I live directly on the other side of the globe, in Zululand, South Africa. An opportunity came up to visit my daughter in Victoria, and we included a trip up to the Yukon.

My occupation is farming and I write a little about local characters and humorous events. When we boarded to Air North flight in Vancouver, I naturally picked up the copy of Yukon, North of Ordinary and paged through it.

I cannot explain my delight when I found Dawn Kostelnik’s article entitled “Memories of Rendevous which, I gather, is part of a series entitled the “Sourdough Chronicles”. Man, this just hit the spot, contributing to the most memorable trip of my life, and the feeling that the Yukon could grow on me, now and forever.

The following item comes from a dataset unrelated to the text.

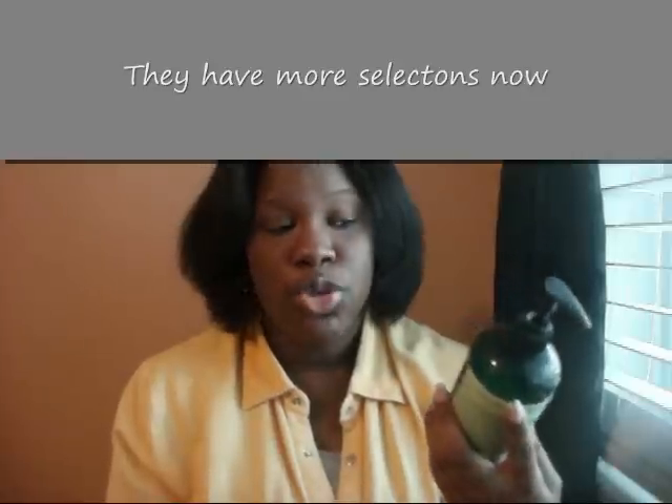I found Hair One, and there are three kinds you can get. I got the one for dry hair, which is the olive oil kind, and I really love this stuff.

She writes in an easy, very entertaining, and descriptive style, and I have to obtain future stories. Because of this, I have decided to try to get back to this magical part of the world. Thank you, from the bottom of my heart, Dawn.

Gavin Lawrie


Hi Dawn,

I’m writing you this short email to express how much I adore your writing. Your style captivates me every time I pick up the Northern Journal. It’s the first article I read and am impatient waiting until the following week for the next issue. Your stories are so unique, very powerful and entertaining. Thank you for sharing your stories,

Krista Kastiro


Dawn, the White Girl

To most Canadians the North is a special place – unique from the rest of Canada, a mysterious and unknown land. That fascination is in part defined by Aboriginal culture that remains untouched in our great country’s hinterland, in a state of becoming as “progress” finds its way ever deeper into the northern frontier.

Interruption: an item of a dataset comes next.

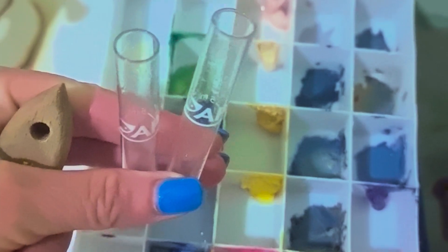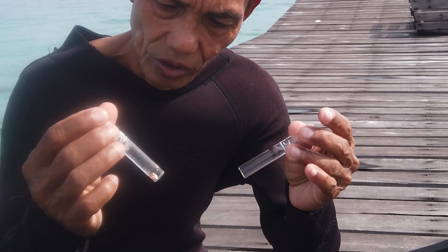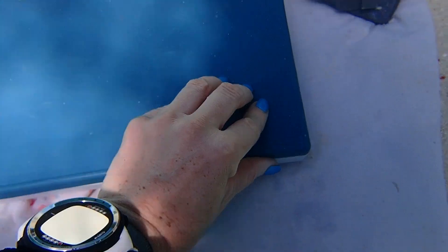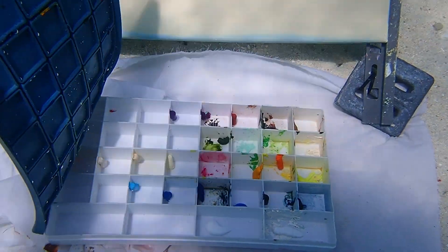Before we even go in the water, the first thing is we test the solubility of the paint. If it's soluble and it's getting everywhere, obviously we don't even start the test in the water. The paint is basically a binder and color pigment. It does not have solvent, it does not have spirit or turpentine. So basically, it is not soluble in the water at all.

Enter the observations of Dawn, the White Girl who grew up in the midst of it over two decades in the ‘60s and ‘70s. She shares with the rest of us experiences and images through the eye of a young girl raised in tiny, remote Aboriginal communities in the Mackenzie Valley.

Breathless, compelling, with amazing imagery, she draws us into a wondrous life that for her was ordinary, day-to-day, but is about as far removed from our modern, materialistic, cell phone addicted, urban lifestyle as one can get.

Thanks to Dawn we glimpse a tiny bit of life in the far North – communities where people cared for one another, out on the land, at one with nature – the way it once was.